Across our more than 8,700 faculty and nearly 15,000 staff, microcredentials and digital badges can and have been developed through University Human Relations, the Division of Continuing Studies, and the Office of Information Technologies to expand the abilities of our tremendous workforce to motivate members to learn new skills, expand existing mastery, and consider areas of improvement they may have never previously contemplated.  In response to the COVID-19 pandemic, our Division of Continuing Studies is helping faculty and graduate students expand their online teaching abilities by utilizing digital badges to document their progress through essential skills in this sudden and essential teaching requirement.

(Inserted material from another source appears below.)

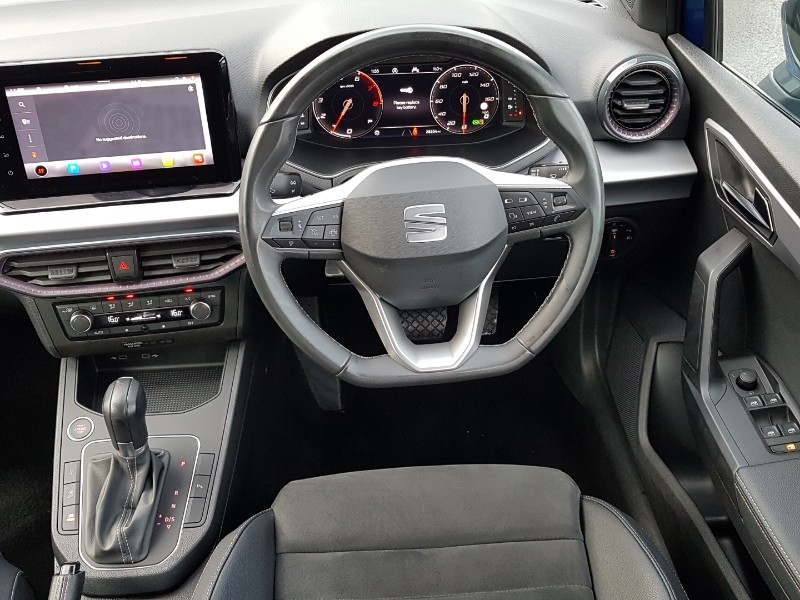 Used SEAT Ibiza 2022 for sale - 77085841: Photo 7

The current pandemic has demonstrated how skill building can become a critical path in crisis management, and digital badging programs can provide an outstanding pathway to move participants through skill development and documentation, while providing a source of pride and ownership when badge earners share their achievement on their social media networks. Through the Office of Information Technology’s access to LinkedIn Learning, Rutgers employees can choose from over 9,000 courses, videos, and learning paths to broaden their skills, explore areas of interest, and earn digital badges to stimulate and motivate their dedication to learning, and document their achievements.  These also provide opportunities for Rutgers faculty and staff to develop new microcredentials and digital badges to use and expand on these offerings from LinkedIn Learning in creative applications.

Rutgers University currently provides more than 5,000 non-credit programs enabling those of the general public to broaden their skills, explore new areas of interest, keep their certifications current, and achieve new levels of earning potential. Additionally, this provides exposure to the University to those who are willing to take that first step to see what they might be able to accomplish.  Within this portfolio of potential, augmenting these offerings with microcredentials and digital badging could be the motivation that encourages more non-traditional students to embark on a journey to expand their abilities, finish an incomplete degree, or even pursue a full degree program.